Publicado 17/03/2021 09:11CET

Un destacado opositor de Chad pide al presidente un diálogo para abordar la crisis antes de las elecciones de abril

Archivo - El presidente de Chad, Idriss Déby
Archivo - El presidente de Chad, Idriss Déby - PRESIDENCIA DE CHAD - Archivo

MADRID, 17 Mar. (EUROPA PRESS) -

El destacado opositor chadiano Succes Masra ha hecho un llamamiento a la apertura de un diálogo para abordar la crisis política en el país, tras un encuentro celebrado el martes con el presidente, Idriss Déby, de cara a unas elecciones previstas en abril que parte de la oposición ha optado por boicotear.

Masra, cuya candidatura a la Presidencia fue recientemente rechazada por no tener 40 años y no estar inscrito legalmente su partido --extremos que él rechaza--, ha resaltado que ha abordado con el presidente las 20 "propuestas para un nuevo Chad" que presentó en 2019.

Así, ha apuntado que ha trasladado a Déby la necesidad de "una consulta nacional" que ha descrito como "condición indispensable para la transición" y "distribuir" las reuniones de los opositores con el mandatario para "organizar los diálogos que deben tener lugar antes de las elecciones del 11 de abril".

"Hemos hablado en un lenguaje franco para decirle que creemos que en las condiciones actuales, en las que la mayoría de los candidatos se han retirado, las presidenciales no podrán tener lugar", ha manifestado Masra, según ha recogido el portal chadiano de noticias Tchadinfos.

En este sentido, el opositor ha apostado por "transitar de una cierta manera hacia un nuevo Chad" y ha argüido que "esto no puede hacerse sin un diálogo inclusivo con todos los chadianos". "Nos ha escuchado, nos ha dado consejos y nos ha pedido que le transmitamos por escrito estos elementos", ha desvelado.

"No hay vuelta atrás. Ya saben que Israel y Palestina discuten desde hace más de 20 años. Nosotros somos todos chadianos. Tenemos el azul, el amarillo y el rojo --los colores de la bandera del país--, así es como hemos venido a ver al presidente", ha explicado.

Masra ha resaltado además que "Déby dice que es un hombre de diálogo y de acuerdo" y ha reiterado que "hay una petición de cambio". "Todos debemos reunirnos para dialogar y este diálogo debe tener lugar antes de las próximas elecciones.
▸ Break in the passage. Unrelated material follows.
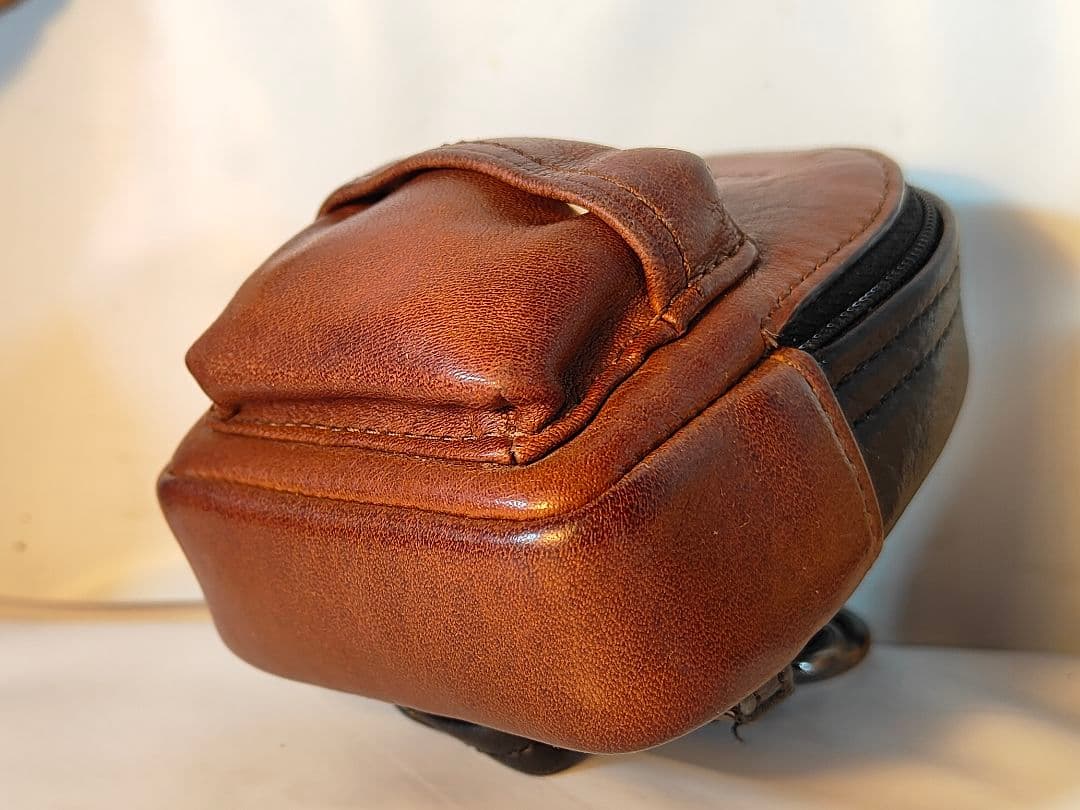 【極美品】COACH コーチ正規品　高級バックチャーム　本革ツートンキーホルダー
Es la propuesta que le hemos hecho", ha añadido, tal y como ha recogido el portal chadiano Alwihda.

Por su parte, Déby ha publicado una fotografía de ambos durante la reunión a través de su cuenta en la red social Twitter y ha indicado que las discusiones "se centraron en algunos temas relacionados con la vida nacional". "El interés superior de nuestra nación debe trascender todas las demás consideraciones", ha agregado.

Asimismo, el ministro de Comunicación y portavoz del Gobierno chadiano, Cherif Mahamat Zene, ha argumentado que "nada puede reemplazar el diálogo para discutir el interés superior de la nación". "Bravo, Déby, por esta beneficiosa iniciativa", ha zanjado.

LA CRISIS POLÍTICA

El clima político en Chad se ha tensado tras los incidentes en febrero en la vivienda del opositor Yaya Dillo, un antiguo líder rebelde y, en un momento puntual, aliado de Déby. Dillo dijo que el mandatario quiere matarle para impedir que se presente a los comicios y denunció la muerte de dos familiares durante una operación de las fuerzas de seguridad.

En respuesta, Zene acusó a Dillo de instigar "una rebelión armada", así como de perpetrar "un intento bien planificado de desestabilizar el Estado". Asimismo, el ministro de Exteriores chadiano, Amine Abba Sidick, apuntó también a esta tesis y dijo que Dillo quería presentarse a las elecciones para escapar de la Justicia.

Ante esta situación, varios opositores cuyas candidaturas fueron aceptadas han indicado que no participarán en las elecciones y uno de ellos, Saleh Kebzabo, recalcó que "no se va a boicotear las elecciones, se va a impedir que tengan lugar". "No habrá elecciones el 11 de abril. Déby no será candidato y 2021 será el de la alternancia en Chad", afirmó el opositor.

Déby anunció a principios de febrero que se presentaría a un sexto mandato en el país, que gobierna desde 1990, en medio de protestas en Yamena para pedir su salida del poder. El presidente llegó al poder por las armas con el apoyo de Francia tras derrocar al dictador Hissène Habré, y fue elegido presidente en los primeros comicios pluralistas en 1996.

Desde entonces, siempre ha sido elegido en la primera vuelta, a pesar de haber sido acusado en numerosas ocasiones por la oposición de perpetrar fraude electoral. El presidente es considerado como un actor instrumental en el tablero político africano, aliado crucial en la lucha contra los yihadistas en el Sahel.